**TASK GOAL**
An exact transcription of all the records is required, minus the images.

**DATASET RECORDS**
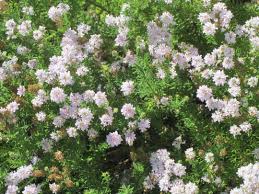 Image result for Eriocephalus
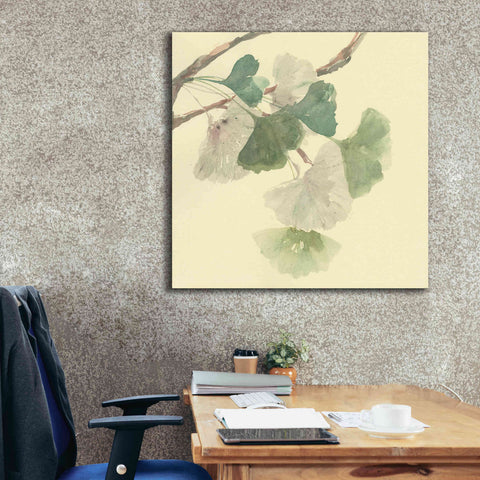 Image of 'Gingko Leaves I' by Chris Paschke, Canvas Wall Art,37 x 37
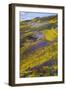 Spring Wildflower Plains - Carrizo Southern California-Vincent James-Framed Photographic Print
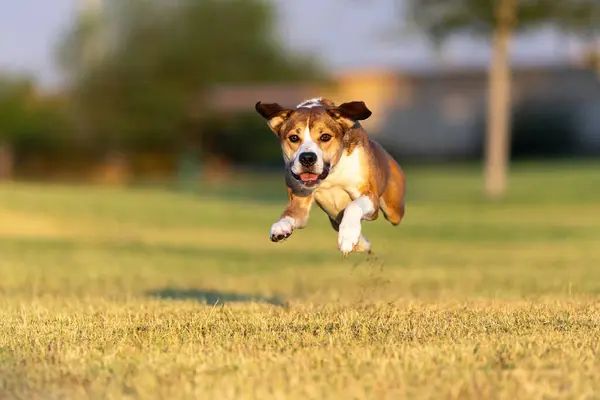 Mixed Breed Dog Caught Mid Air While Running Grass Park Rechtenvrije Stockafbeeldingen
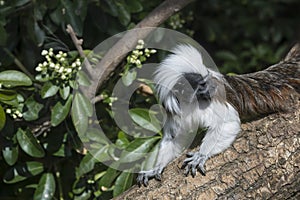 Cotton Top Tamarin Saguinus Oedipus lain on tree branch in sunlight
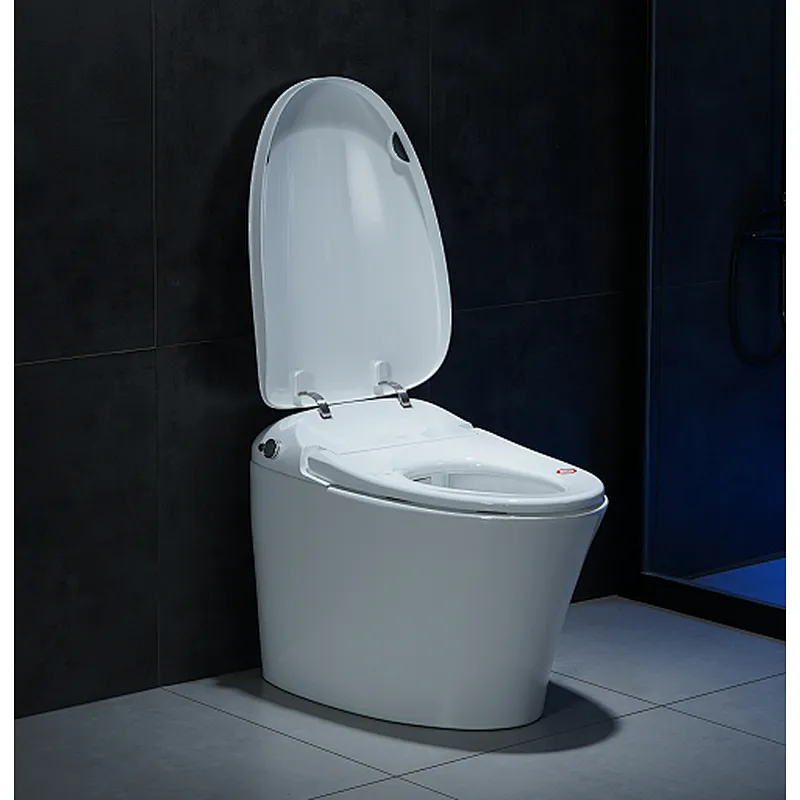 Smart toilet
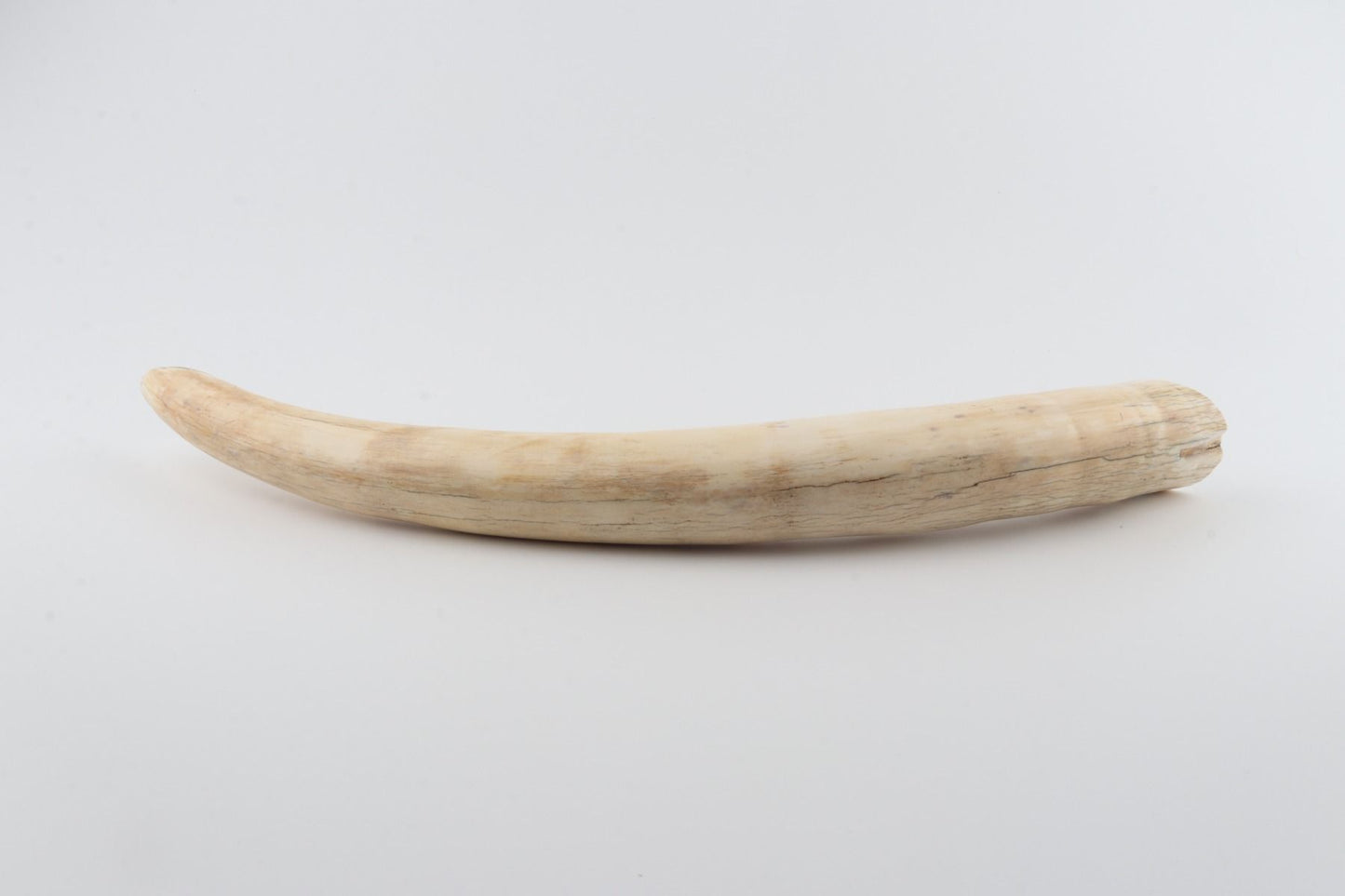 Natural mammoth tusk tip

**ANSWER TO THIS EXERCISE**
 Image result for Eriocephalus
 Image of 'Gingko Leaves I' by Chris Paschke, Canvas Wall Art,37 x 37
 Spring Wildflower Plains - Carrizo Southern California-Vincent James-Framed Photographic Print
 Mixed Breed Dog Caught Mid Air While Running Grass Park Rechtenvrije Stockafbeeldingen
 Cotton Top Tamarin Saguinus Oedipus lain on tree branch in sunlight
 Smart toilet
 Natural mammoth tusk tip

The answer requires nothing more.